▸ BRIEF: Here is a listing, set out below; repeat its lines from the one with "Used 2023 Chevrolet Traverse LT FWD image 14" to the last, both included, and leave out the pictures.

▸ DATA BELOW:
__________________________________________________
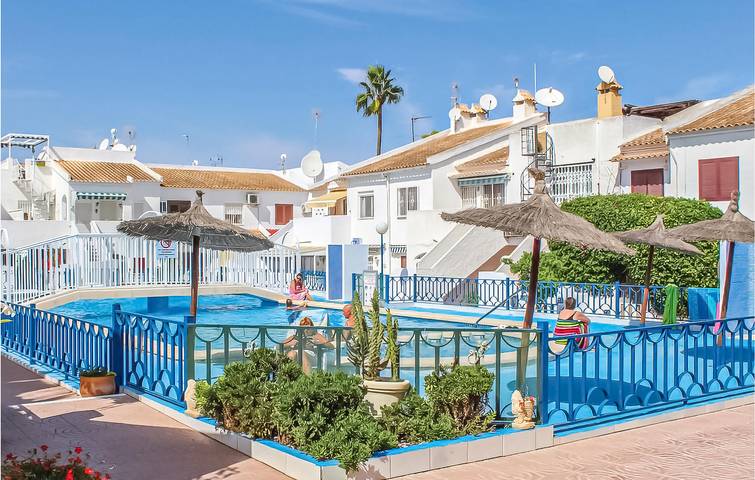Ferienwohnung für 2 Personen, mit Terrasse und Pool in Torrevieja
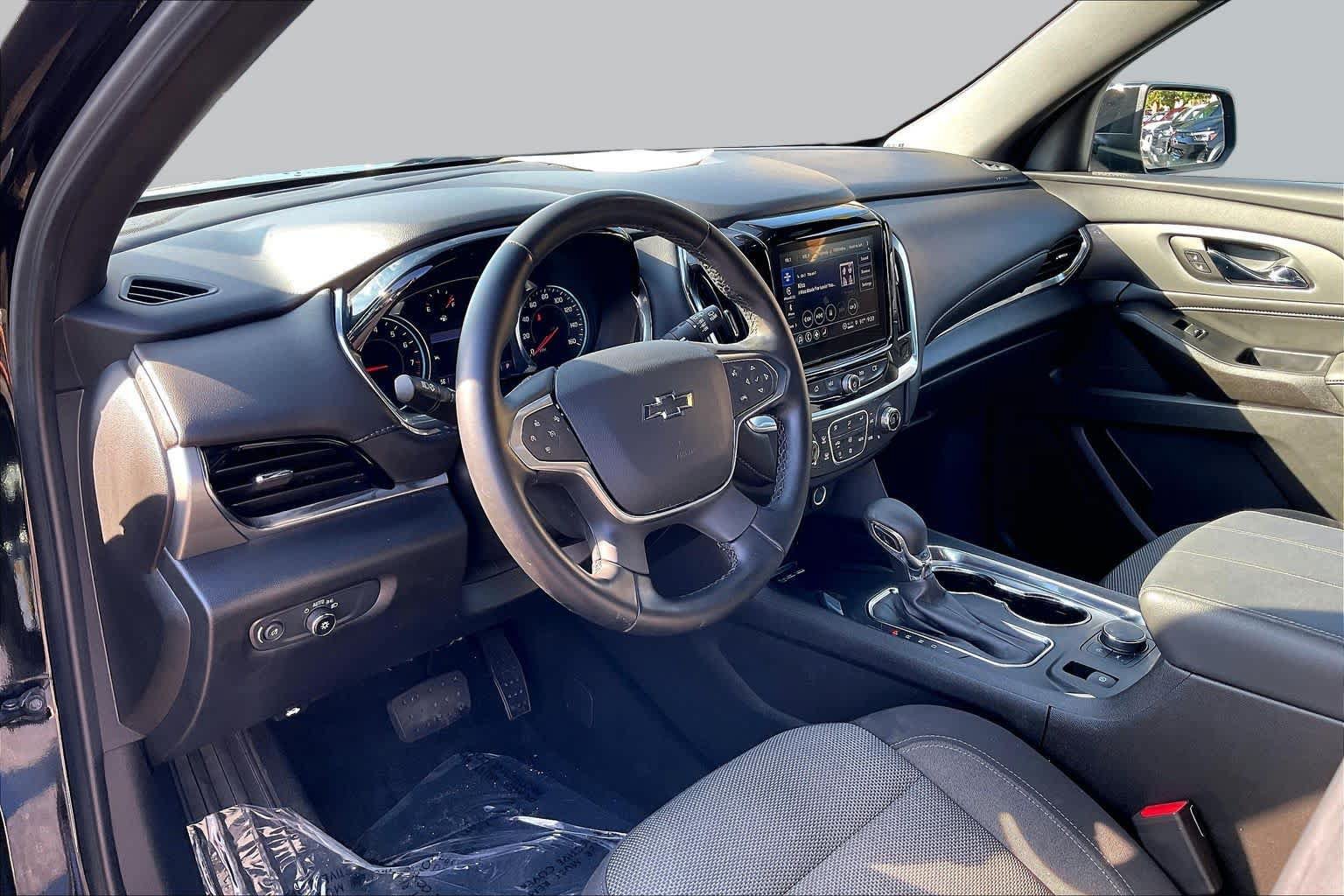 Used 2023 Chevrolet Traverse LT FWD image 14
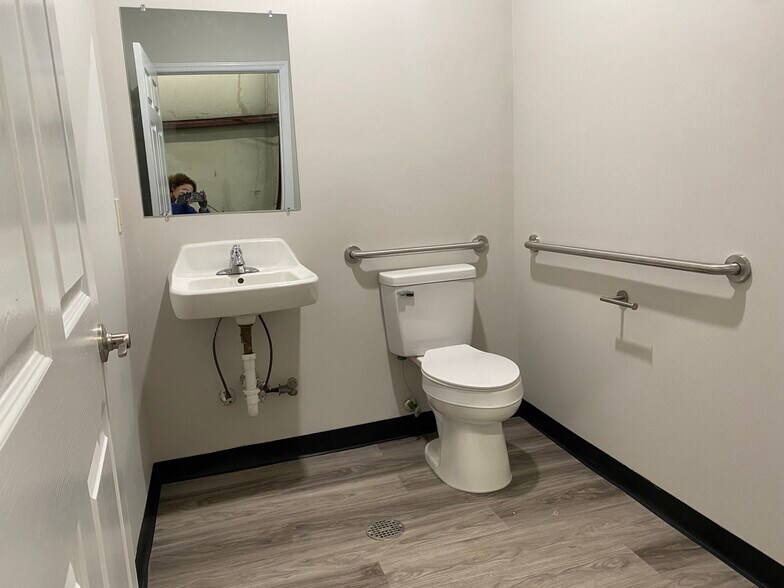 More Photos Of 3811 Tarheel Dr, Raleigh Warehouse For Lease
__________________________________________________
▸ SOLUTION FOR THIS TASK:
 Used 2023 Chevrolet Traverse LT FWD image 14
 More Photos Of 3811 Tarheel Dr, Raleigh Warehouse For Lease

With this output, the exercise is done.